In 2012, the first World Design Impact Prize was awarded to The Community Cooker, an installation that recycles waste into energy, providing a fuel efficient and economical cooking and hot water supply system. This in turn has a significant impact in the informal settlements where the cooker is installed by providing a cleaner healthier environment as well as income generation possibilities. The Community Cooker in Laini Saba, Nairobi (Kenya) can cook 77 litres of food and heat 800 litres of water in just two hours.
Nominated projects should be socially beneficial and industrial design driven. They should use design thinking and showcase the expanded field of industrial design, to include the design of systems and experiences.
The eligibility and evaluation criteria, the online nomination form and galleries of past nominated projects can all be found on the World Design Impact Prize website at worlddesignimpact.org.
For more information, please contact:
Ms. Sarah Montpetit
Icsid Communications Coordinator
t: + 1 514 448 4949 ext. 238
About the World Design Impact Prize
The World Design Impact Prize is a biennial award created to recognise and encourage industrial design driven projects that benefit society. Established in 2011 by the International Council of Societies of Industrial Design (Icsid), the Prize creates an exciting opportunity for industrial designers from around the world to present their work to the Icsid Membership, representing more than 160 organisations across six continents
About the International Council of Societies of Industrial Design (Icsid)
The International Council of Societies of Industrial Design (Icsid) is a non-profit organisation that protects and promotes the interests of the profession of industrial design.
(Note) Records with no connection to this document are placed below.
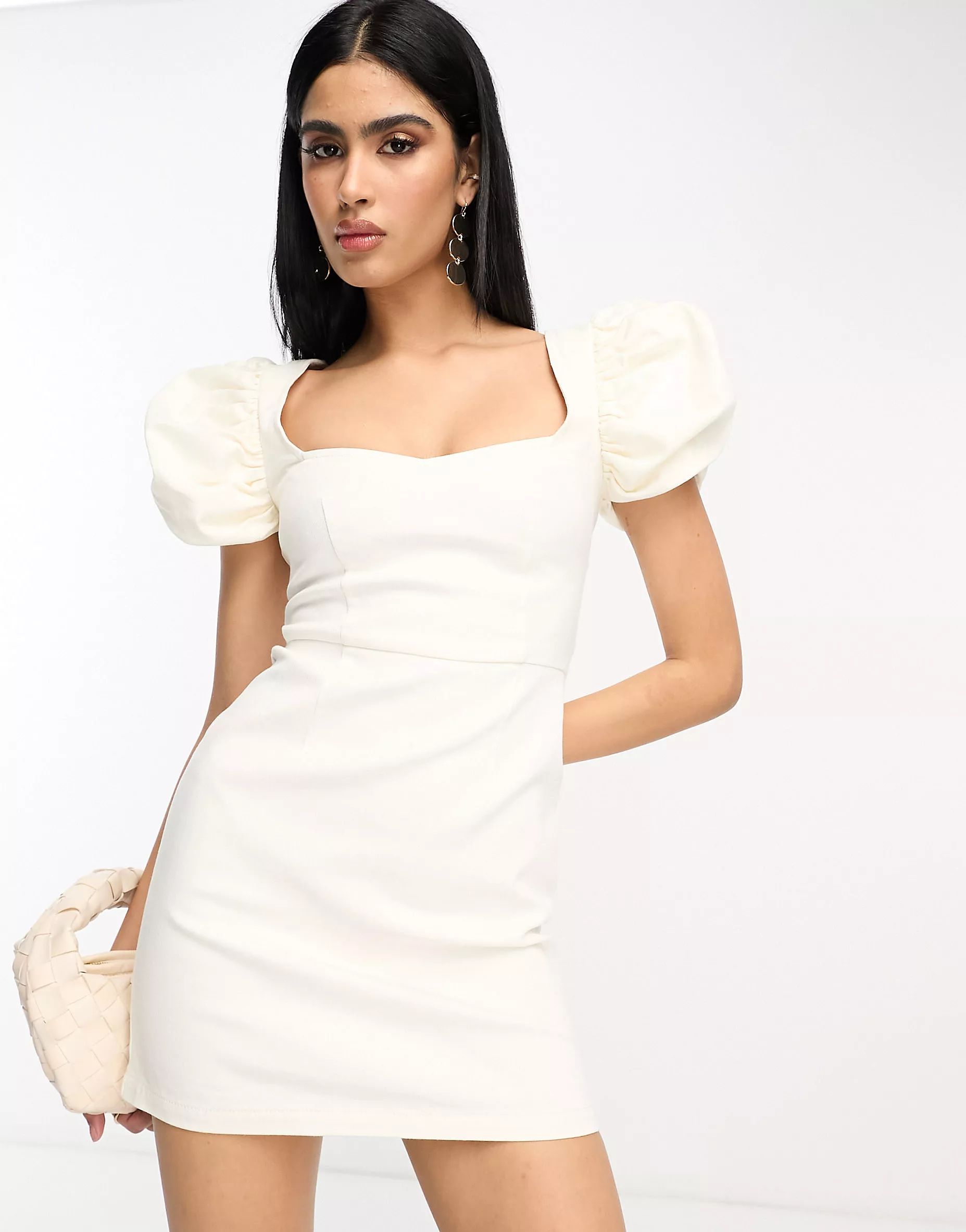 ASOS DESIGN denim mini dress with puff sleeves in white | ASOS (Global)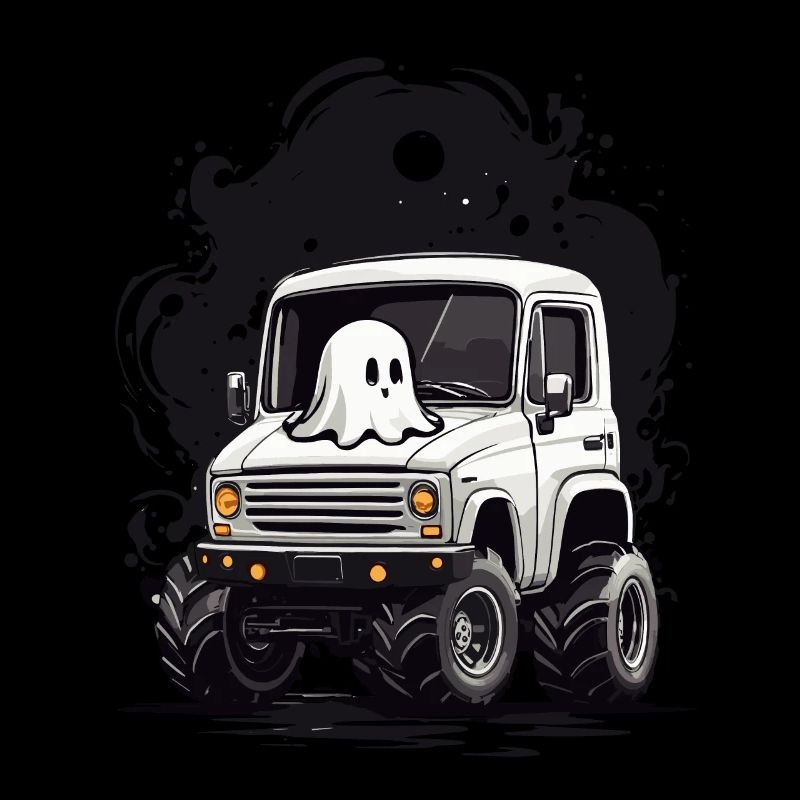 Funny Halloween Ghost Driver Ghost Cartoon
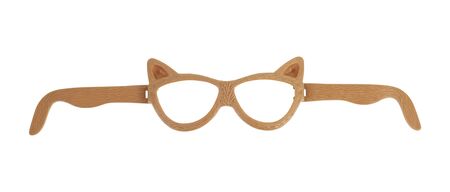 Fancy glasses, cat icon isolated on whiteの写真素材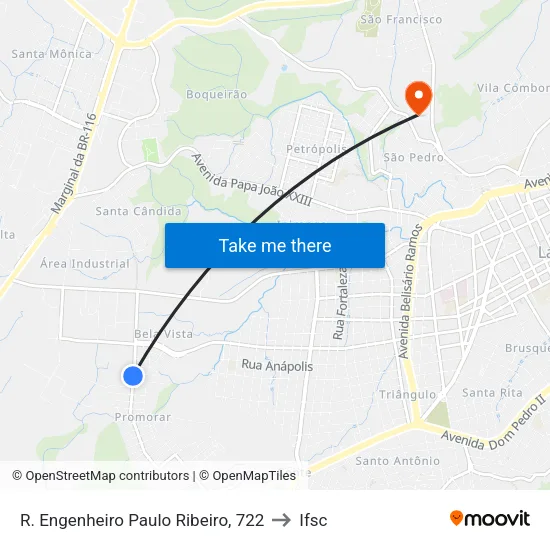 R. Engenheiro Paulo Ribeiro, 722 to Ifsc map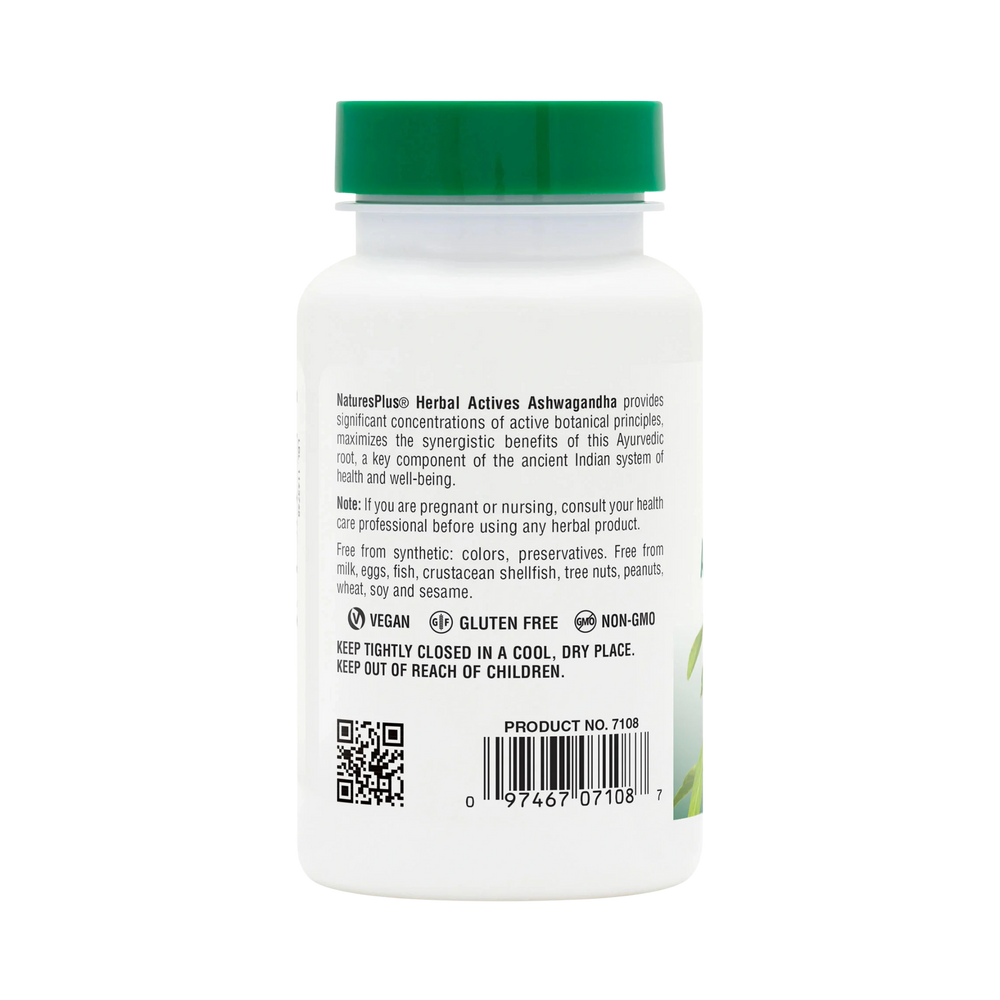 NaturesPlus, Herbal Actives, Ashwagandha, 450 Mg, 60 Capsules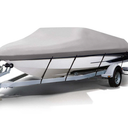 Boat Cover Waterproof for 16-18.5FT V-Hull, Beamwidth Up to 94 Inch, Fits Fishing, Runabout, Bass, Fish & Ski Boats, Heavy-Duty Polyester, Gray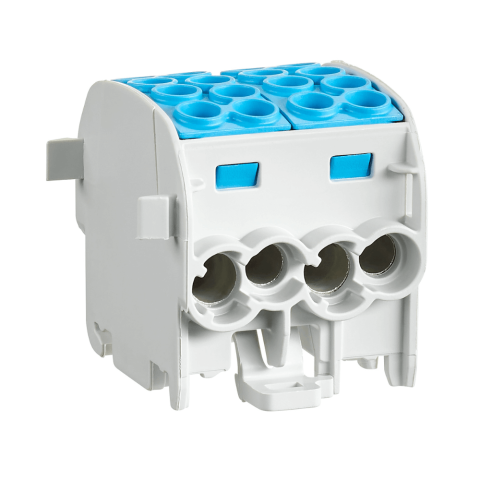 Clema derivatie izolata nul, Cu-Al, 1 pol, 35mmp, 4 intrari / 4 iesiri, albastru, SCHRACK IKA26222-X-3 [2]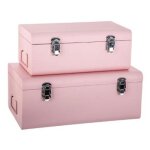 Malles rectangulaires - paris prix - cantine - lot de 2 - mtal - rose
Founded in 1957, Icsid serves as a unified voice of over 50 nations through which members can express their views and be heard on an international platform. Since its inception, Icsid has continued to develop its wide-reaching network of students and professionals devoted to the recognition, success and growth of the industrial design community. Together, professional associations, promotional societies, educational institutions, government bodies and corporations create a comprehensive and diverse system on the forefront of industrial design education and progress.